One binding element, however, may be a sense of the drama present in each collection on display, whether it’s Katherine Bradford’s oils of maritime scenes, Nicole Duennebier’s still-life acrylics or Stella Johnson’s photographs from her book “Al Sol.”
The three shows will be on display until Oct. 1.
George Kinghorn, the new UMMA director, didn’t curate the show himself – that job was done by former director Wally Mason, who left the museum last fall – but he sees something for all visitors in the different styles.
“They all use the materials very differently,” he said. “[One is] very tight and controlled, [one] loose and expressive, [one uses a] photographic medium to capture light and shadow. They’re very different creative processes.”

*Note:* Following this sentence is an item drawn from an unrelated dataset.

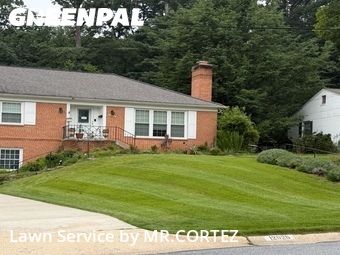 Lawn Care nearby Rockville, MD,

Bradford, who has a studio in the Brunswick area, doesn’t seem to attempt to depict a specific event or scene with her large-scale oil paintings. Rather, her work springs from her imagination and evokes different feelings, from the vastness of the ocean so that even a large ship seems dwarfed when set against the water as in her 2006 work, “Liner in Sight,” to a childlike fascination with a mythic scene such as a whale hunt in her “Whaling Painting,” also from 2006.
Bradford’s technique seems to be just as important as her subject matter, and certainly helps convey the drama. Her brush strokes are so bold and sweeping that in some paintings it’s easy to tell the size of paintbrush she used.
“It’s about mood, paint application and energy,” Kinghorn said. “They’re more symbolic in terms of her depiction of boats on the ocean. It’s about being very painterly and allowing the brush marks to be one of the primary features. They’re very prominent, all the way down to the gestural drips.”
The work of Duennebier, a recent graduate of the Maine College of Art in Portland, runs counter to that of Bradford. Duennebier’s still-life works mix abstraction with references to nature and Dutch still-life traditions – in her 2006 work “Hunting Hot Bed” she sets the swirl of a fabric ruff with bones, arrows and a dead rabbit.
If the drama of Bradford’s paintings lie in her use of bold colors and brush strokes, Duennebier’s work finds drama in darkness and light. The precise, exacting images seem to emerge from a dark world – some seem as if they’re set on a mystical ocean floor as in “The Marshes” from 2008.
“I think you get that sense of drama in terms of lighting, forms that emerge out of the darkness, the internal light in the painting,” Kinghorn said. “That’s the drama there.”
Duennebier’s other achievement is the way in which she manages to make the acrylic works look as if they have the sheen and glaze of oil paint.
“It’s much more difficult to get that effect with acrylic, to achieve the same optical look with oil paint,” Kinghorn said.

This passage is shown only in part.